“Doing what?” his mother said.
“Slapping your hand on the dash every time I stop!”
It had been a tension-filled afternoon for both of them. Ryan was going for his driver’s license test in two days, and his mother wanted to see how he drove, to see that she could trust him or, Ryan thought more likely, to see that she couldn’t. She had always been high-strung, over protective, and tended to think of him as an eternal six-year-old. He thought he had made his peace with that. This driving experience, though, where all of those factors were coming into play, hadn’t been pleasant for either of them.
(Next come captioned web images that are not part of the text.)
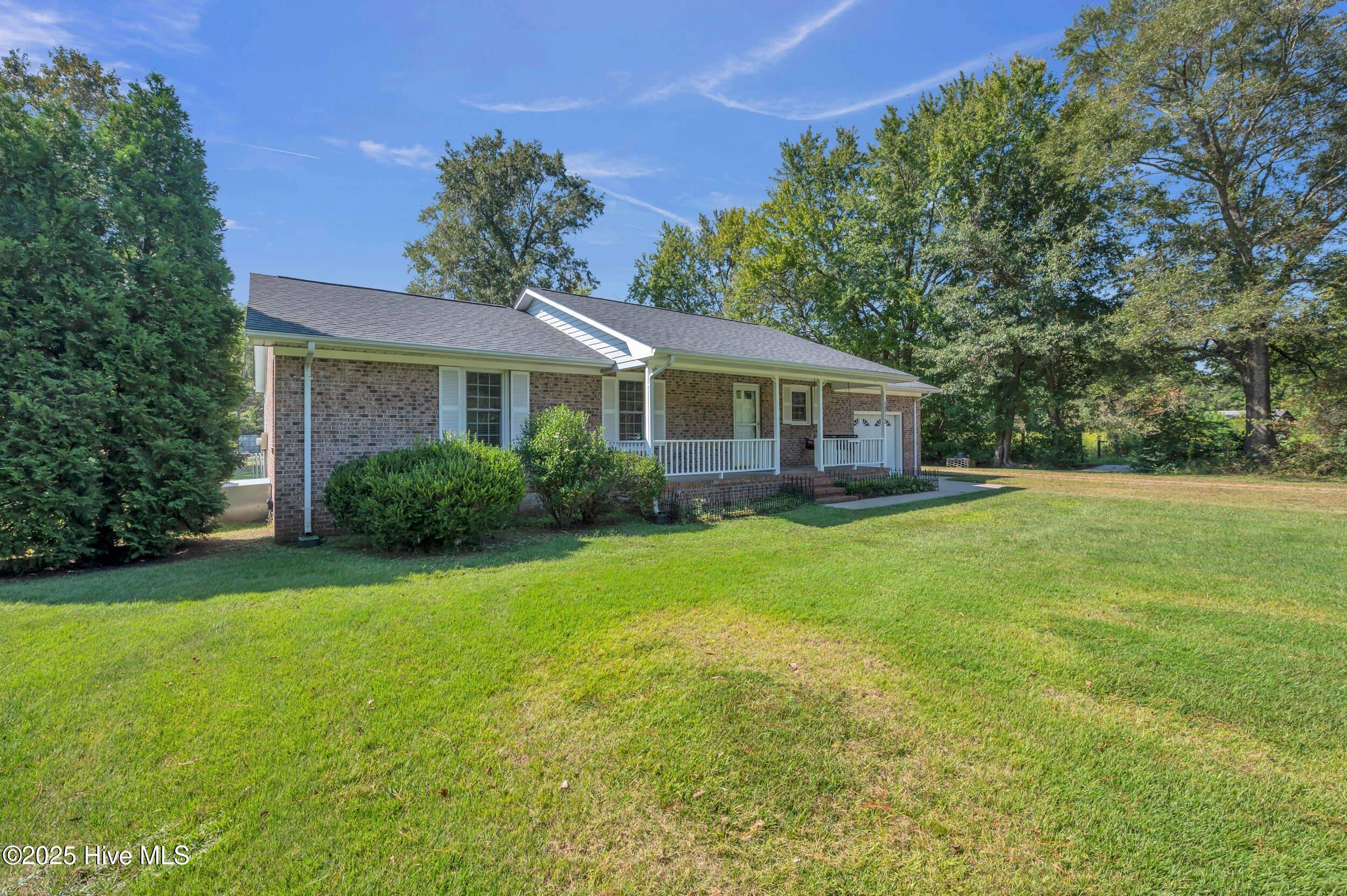 1313, 1315 Pony Farm Road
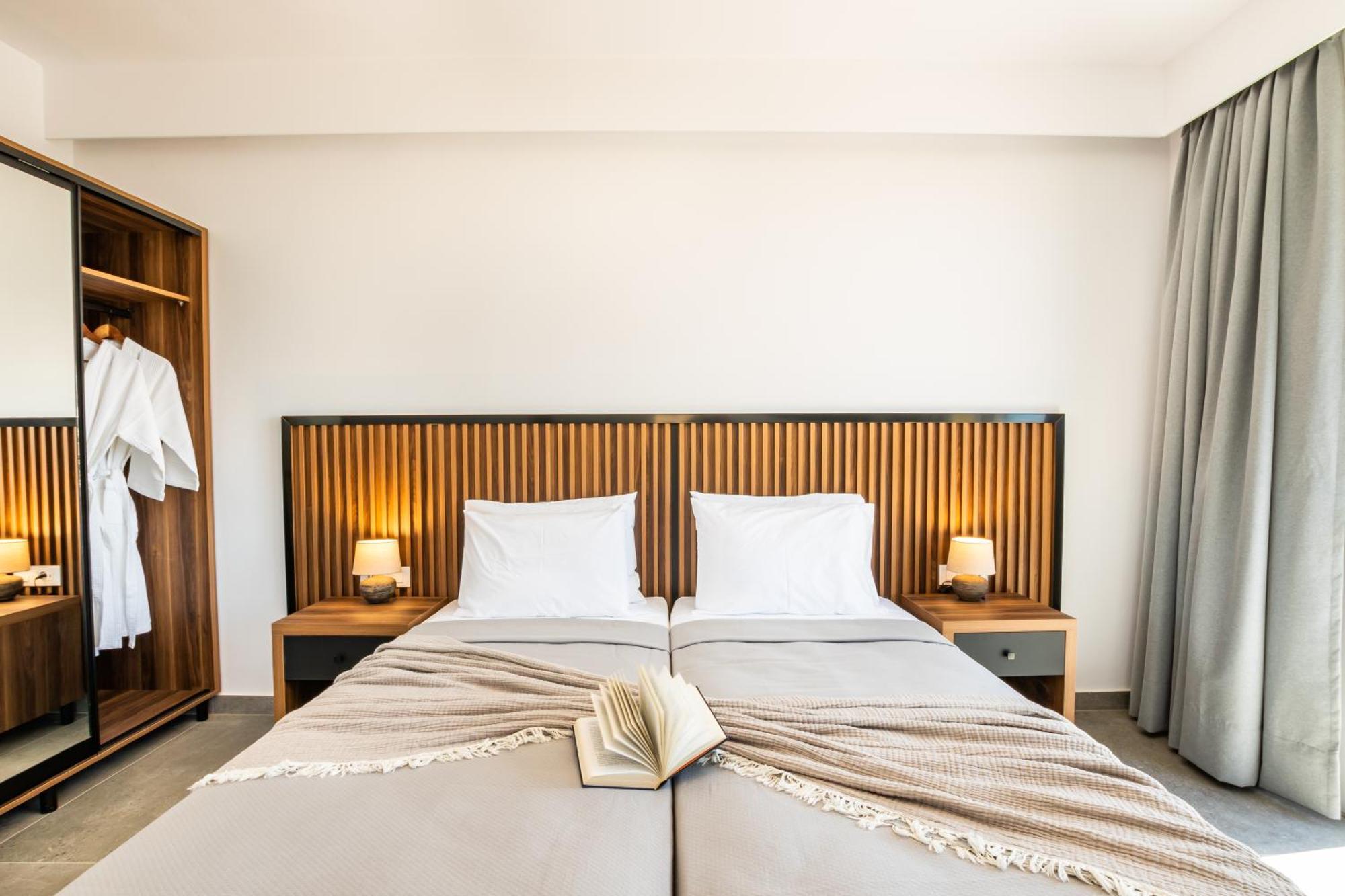 Apolis Beachscape Hotel Amoopi Exterior foto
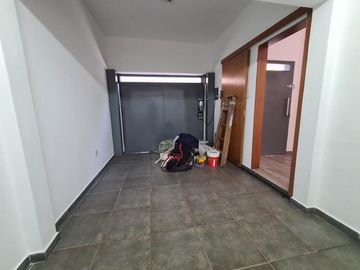 Venta Casa esquina Lourdes Rosario. Cochera Patio Terraza. Apta Credito Hipotecario Dos Dormitorios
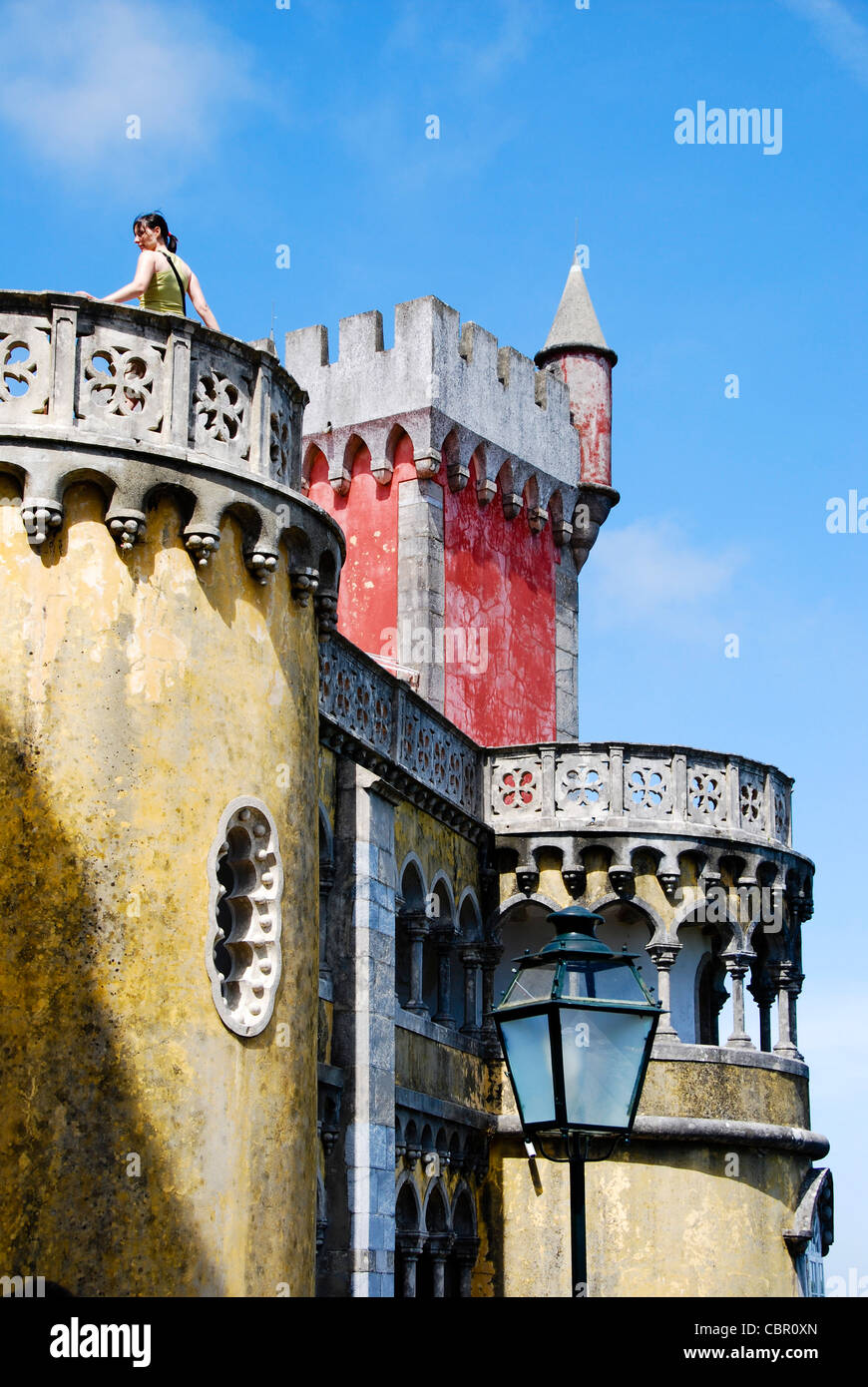 Pena il Palazzo Nazionale, Sintra, Portogallo. Il palazzo è un sito Patrimonio Mondiale dell'UNESCO e una delle sette meraviglie del Portogallo. Foto Stock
“I don’t do that every time,” she said.
“Yes, you do!” He heard himself, and winced at how whiny he sounded. This was one of those times, he knew, he needed to sound mature.
“Well, you’re braking too quickly,” she said.
“My braking is fine.”
“I wouldn’t be grabbing the dash if you weren’t breaking so hard.”
“The seatbelt isn’t even locking,” he said, opting for a logical approach. “If I broke too hard, it would lock.”
“I know that,” she said. “It’s just a reflex.”
“Without the seatbelt, grabbing onto the dash wouldn’t save you from going face first into the windshield, anyway,” he said, and knew immediately it was the exact wrong thing to say, even as he was saying it.